→ **Exercise details**: Could you copy every entry exactly, dropping the pictures?

[Scraped caption text data]

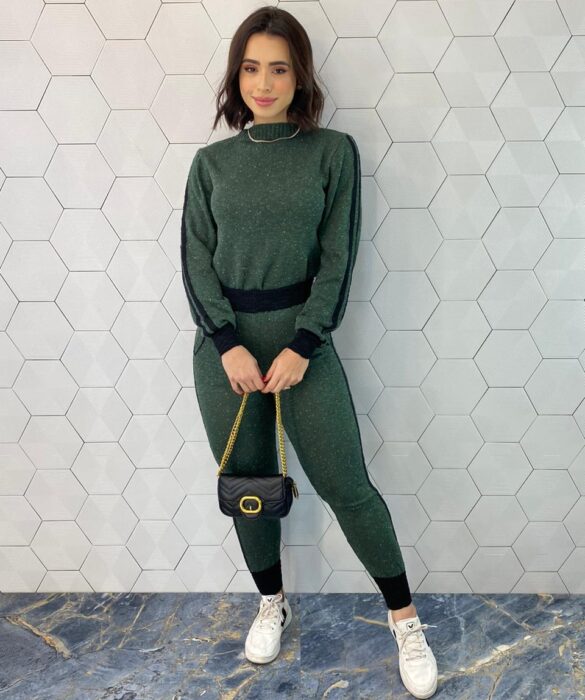 Conjunto Calça e Blusa Manga Longa Tricot Mousse Verde Fernanda Ramos Store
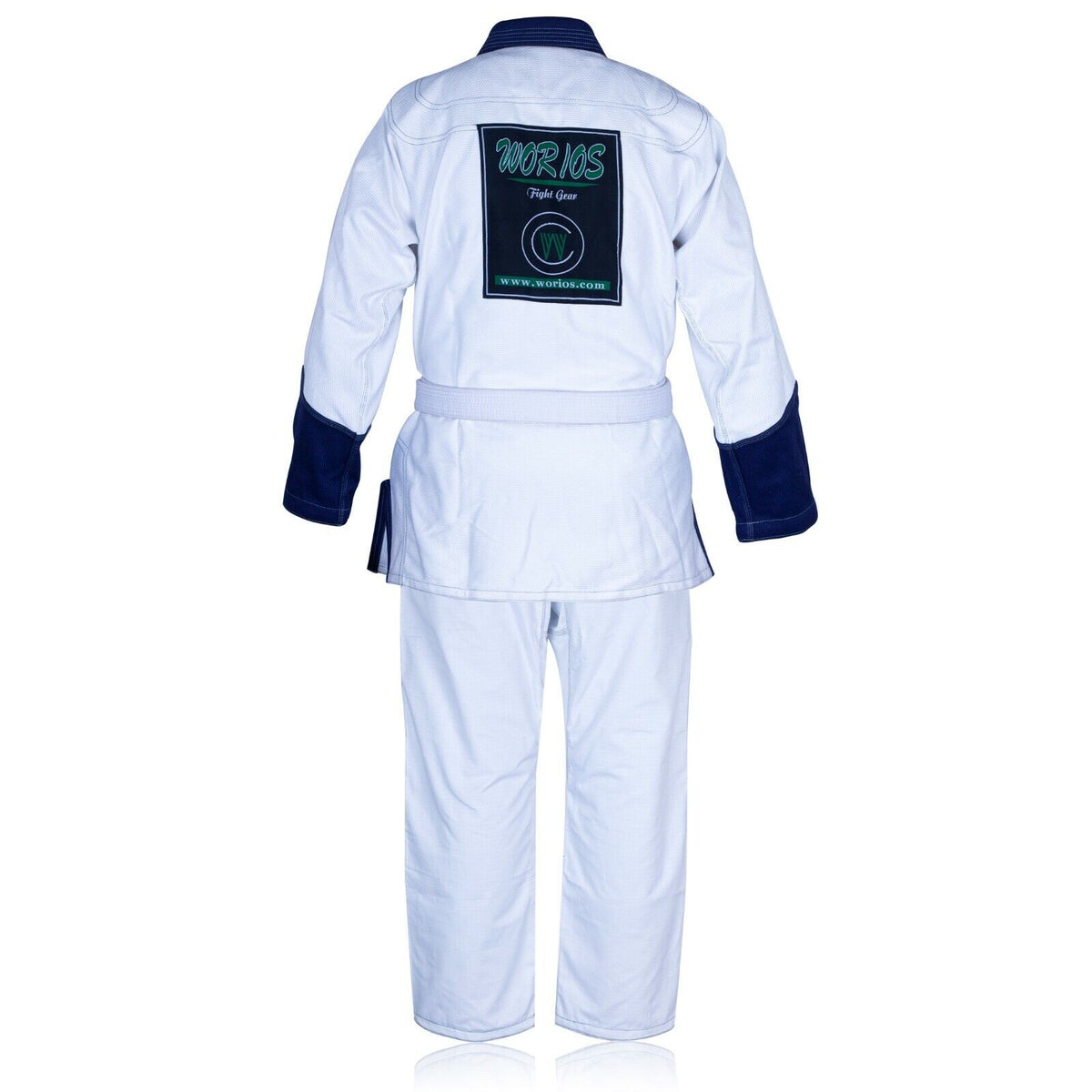 Worios Lightweight Pro Brazilian Jiu Jitsu Gi WhiteNavy Blue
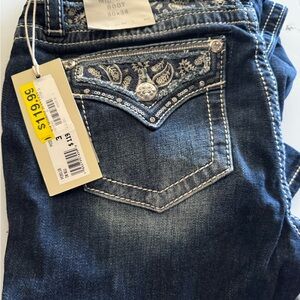 Miss Me Dark Blue Boot Cut Jeans with Silver Embellishments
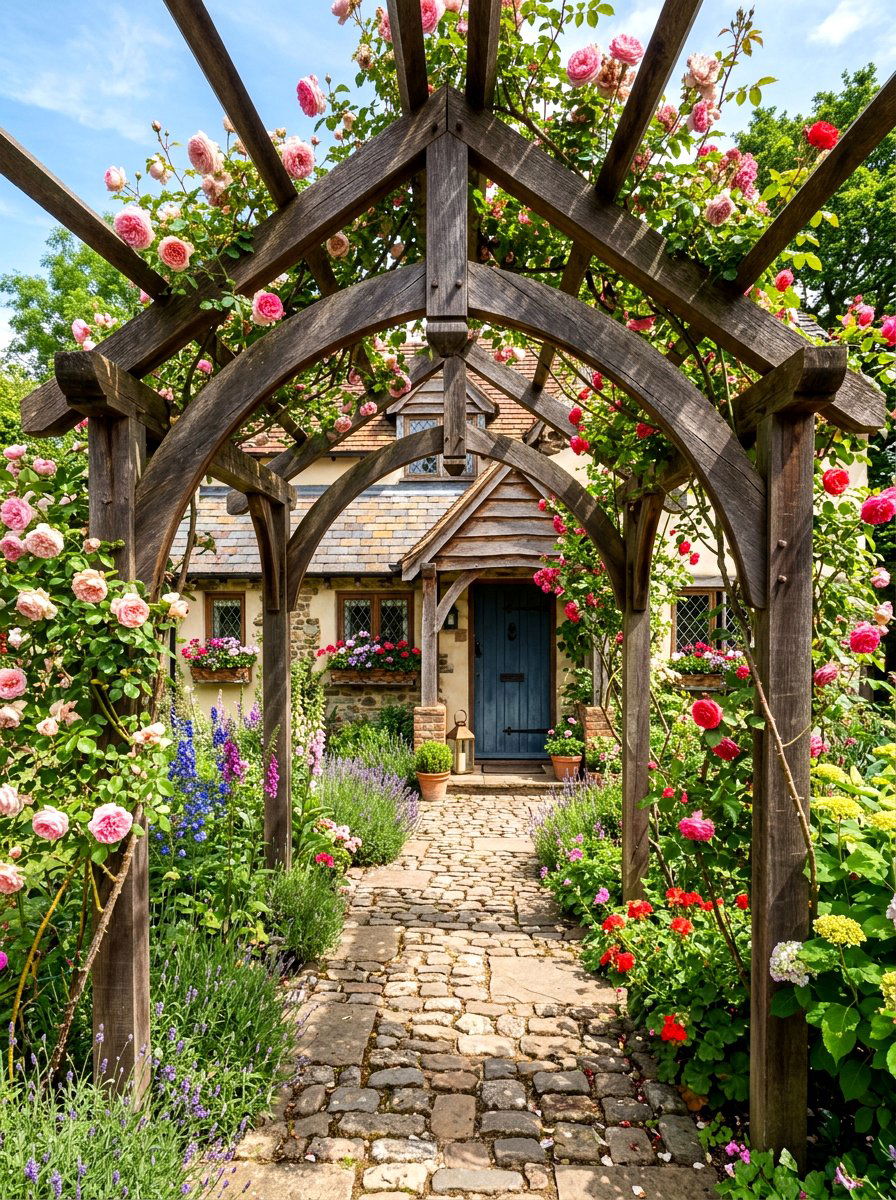 Cedar Pergola Entryway - 30 cedar pergola ideas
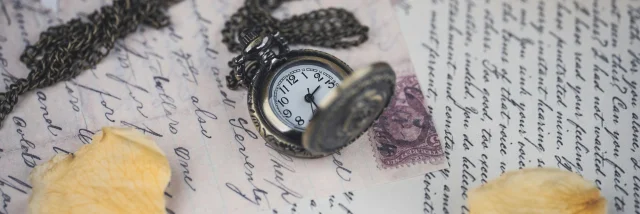 Lettres manuscrite avec une montre à gousset posée dessus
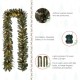 Glitzhome Set of 2 9ft Pre-Lit Greenery Pine Cone Christmas Garland, With Warm White LED Lights with Timer
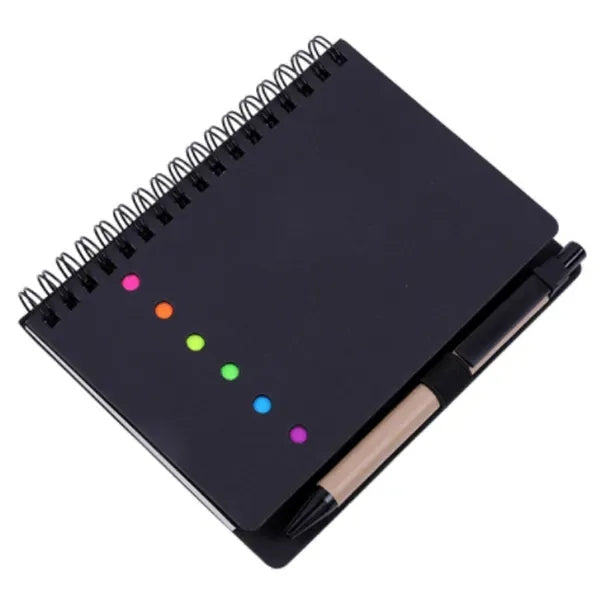 Spiral Notebook Lined Notepad With Pen And Sticky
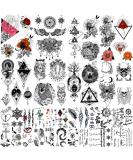 Yazhiji 32 Pieces Totem Flower Rose Temporary Tattoo Stickers for Men, Women, Boys, and Girls - Sexy Body Art, Big Arm Tower, Sunflower Design - Buy Online on GoSupps.com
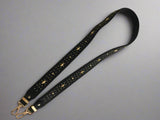 Vegan Leather Guitar Purse Bag Strap with Gold Studs Black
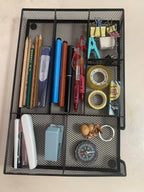 Desk Drawer Organizer tray, Mesh Drawer Organizer Tray for Office, School or Home Supplies Desktop Storage Stationery,bathroom,kitchen, 6 Compartments, 12.6 x 8.27 x 1.57 inch, Black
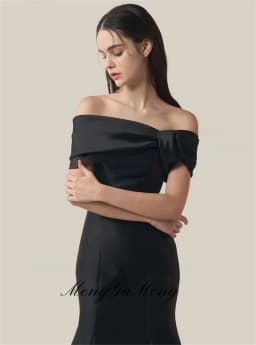 Simple Mermaid Black Korea Evening Dresses Off the Shoulder Customized Photo shoot Thick Satin Floor Length Wedding Dress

→ **Answer to the problem**:
 Conjunto Calça e Blusa Manga Longa Tricot Mousse Verde Fernanda Ramos Store
 Worios Lightweight Pro Brazilian Jiu Jitsu Gi WhiteNavy Blue
 Miss Me Dark Blue Boot Cut Jeans with Silver Embellishments
 Cedar Pergola Entryway - 30 cedar pergola ideas
 Lettres manuscrite avec une montre à gousset posée dessus
 Glitzhome Set of 2 9ft Pre-Lit Greenery Pine Cone Christmas Garland, With Warm White LED Lights with Timer
 Spiral Notebook Lined Notepad With Pen And Sticky
 Yazhiji 32 Pieces Totem Flower Rose Temporary Tattoo Stickers for Men, Women, Boys, and Girls - Sexy Body Art, Big Arm Tower, Sunflower Design - Buy Online on GoSupps.com
 Vegan Leather Guitar Purse Bag Strap with Gold Studs Black
 Desk Drawer Organizer tray, Mesh Drawer Organizer Tray for Office, School or Home Supplies Desktop Storage Stationery,bathroom,kitchen, 6 Compartments, 12.6 x 8.27 x 1.57 inch, Black
 Simple Mermaid Black Korea Evening Dresses Off the Shoulder Customized Photo shoot Thick Satin Floor Length Wedding Dress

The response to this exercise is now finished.